* Work instructions: Everything from the line with "Picture of JCF" to the line with "Satin Round Tablecloth" in the listing below, both lines included, needs to be copied exactly, apart from the pictures.

* Given records:
··········

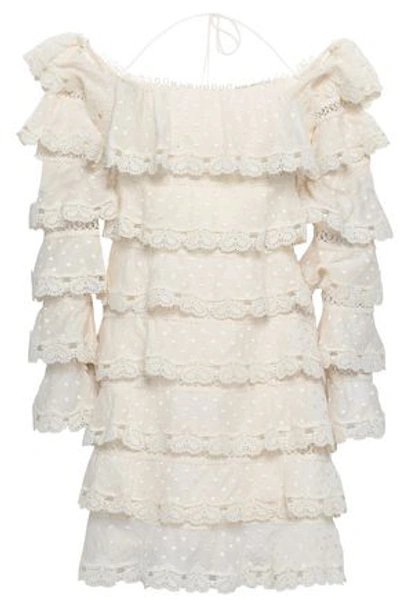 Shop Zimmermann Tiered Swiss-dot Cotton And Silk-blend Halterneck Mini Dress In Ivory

··········

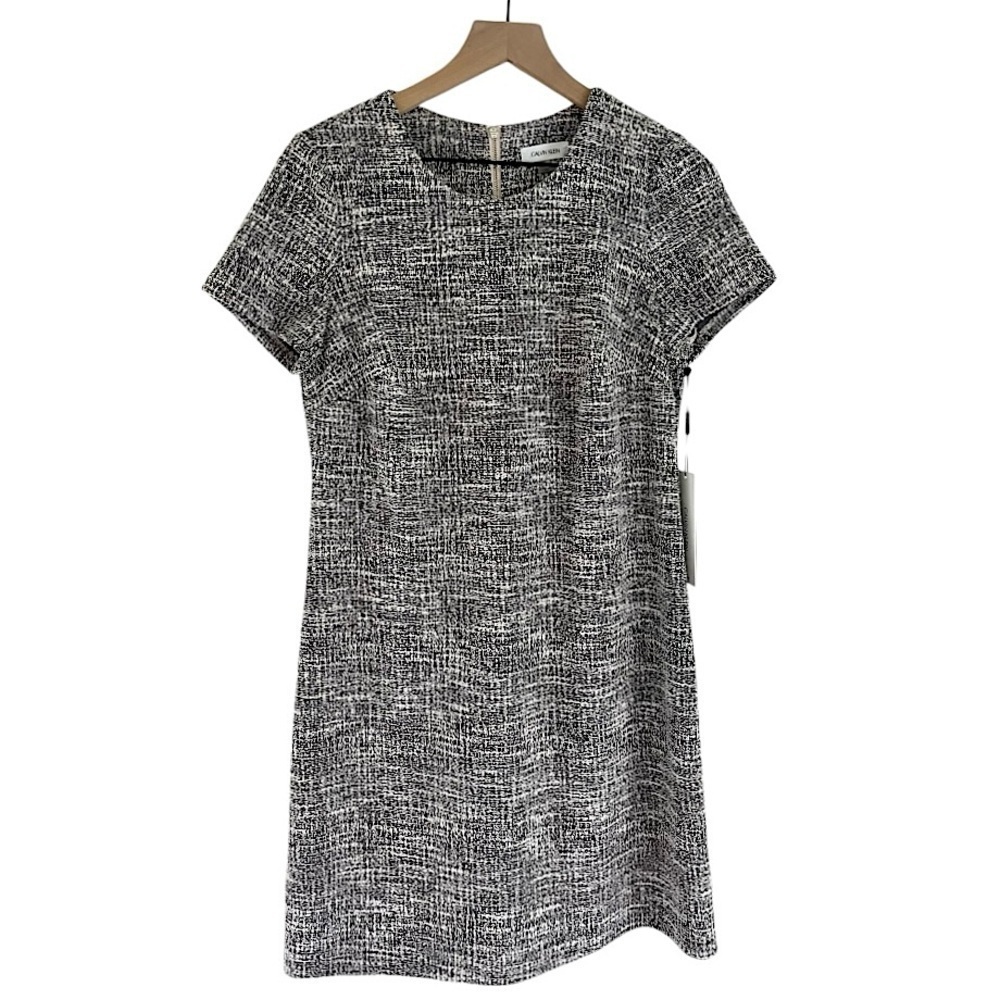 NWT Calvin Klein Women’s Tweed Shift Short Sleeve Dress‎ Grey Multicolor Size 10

··········

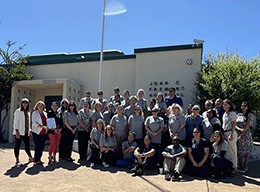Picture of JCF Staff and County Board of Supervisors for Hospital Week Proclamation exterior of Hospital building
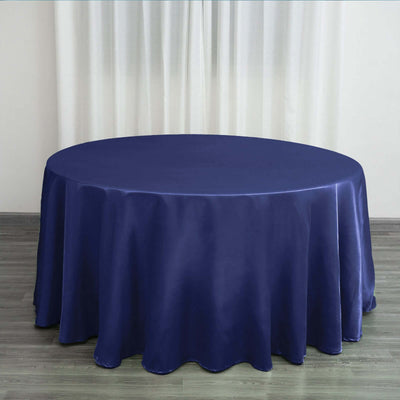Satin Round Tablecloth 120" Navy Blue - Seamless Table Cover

··········

* Written reply:
Picture of JCF Staff and County Board of Supervisors for Hospital Week Proclamation exterior of Hospital building
Satin Round Tablecloth 120" Navy Blue - Seamless Table Cover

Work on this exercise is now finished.